――大企業を中心に販売してきたWeb電話帳「Phone Appli Collaboration Directory(PACD)」に加えて、昨年からNTT東日本/西日本との協業で中堅中小企業(SMB)向けサービスの販売にも乗り出しました。今後の方向性と、新社長としての役割についてどう考えていますか。
石原 PACDはシスコのUCと連携するWeb電話帳として成長してきた製品であり、私もシスコ時代からパートナーとして一緒にビジネスをしてきました。入社前の印象は“テクノロジーオリエンテッドなベンチャー企業”というもので、さらに言えば、業界の方々も当社に“シスコの付録”的な印象を持たれているでしょう。私の役割は、そうしたイメージから脱して次のステージに引き上げること、自ら戦略を打ち出して新市場を拓くことだと考えています。
シスコシステムズにおいてマーケティング・営業、エバンジェリストとして日本のユニファイドコミュニケーション市場の拡大に取り組む。2015年に同社を退社後、今年2月1日にPhoneAppliの代表取締役社長に就任した |
通信キャリア軸に提携を拡大――PACDは国内シェアNo.1(MM総研調べで2015年シェア75%)と確固たる地位を築いています。
石原 PACDは実は、シスコ製品と連携して用いられるだけでなく、PACD単独でアドレス帳管理や従業員検索に使われているケースもたくさんあります。Web電話帳単独でも価値のあるソリューションであり、お客様からは、誰でも1日に2~3度は使う「最も視聴率の高いアプリ」と評価されています。

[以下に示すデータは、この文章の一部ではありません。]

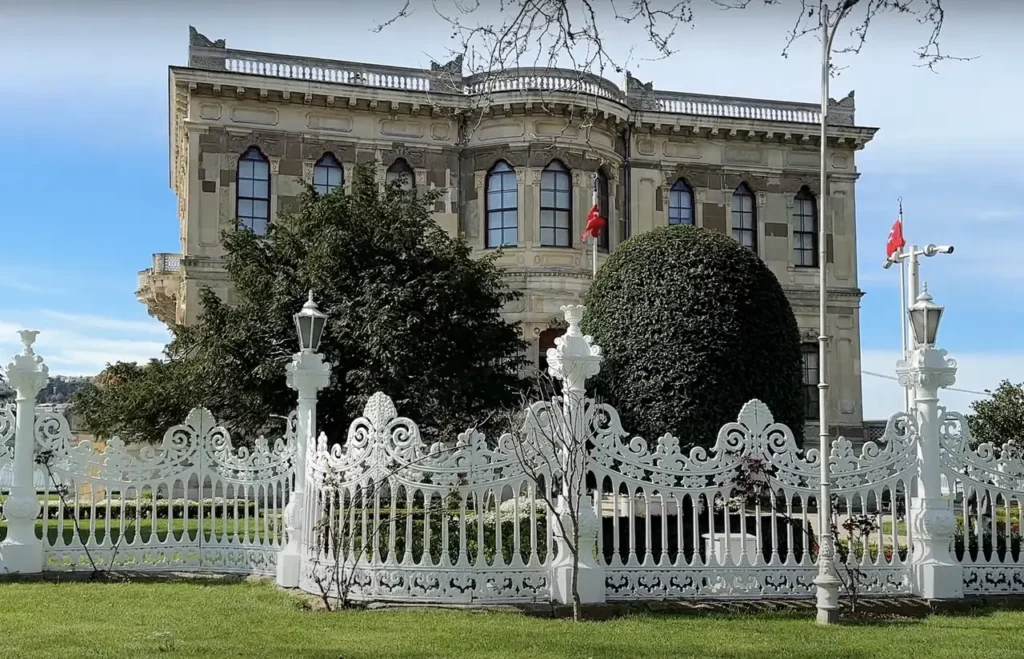 A view of Kucuksu Pavilion from its garden, showcasing the Ottoman architecture and lush greenery.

――今後はSMB市場の開拓するための新たなパートナーが焦点になりますね。
石原 PACDをベースに昨年、SMB向けのクラウドWeb電話帳「PAクラウド」を始めました。
NTT東西のビジネスホン(αA1)と連携するクラウドUCサービス「αUC」「スマート光ビジネスUC」はPAクラウドをベースとしており、この協業によってSMBにUCを提供する事業がスタートしました。さらに、大塚商会やリコージャパンとの協業も進めています。
もちろんシスコは今後もグローバル標準のUCを提供するための重要なパートナーです。また、NTTコミュニケーションズとの協業も従来から進んでいます。
NTTドコモ、KDDIとはFMCで協業しています。ドコモの法人向けサービス「ビジネスプラス」でPAクラウドが電話帳アプリとして提供されており、KDDIのビジネスコールダイレクトともPACDは連携しています。
――パートナーの拡充は順調に進んでいるということですね。
石原 我々は日本企業に対して幅広く新たなコミュニケーションのやり方を提供する「日本のUCをリードする会社」になろうとしていますが、パートナー戦略はそのための肝になると考えています。
その一方、フォンアプリが先頭に立ってUCのニーズを開拓する取り組みも新たに始めています。これまでPACDで培ったノウハウを元に、ワークスタイル変革のコンサルティング提案を大企業向けに始めています。実際、お客様からワークスタイル変革のアドバイスを頼まれ、そこからビジネスに発展するケースが増えてきました。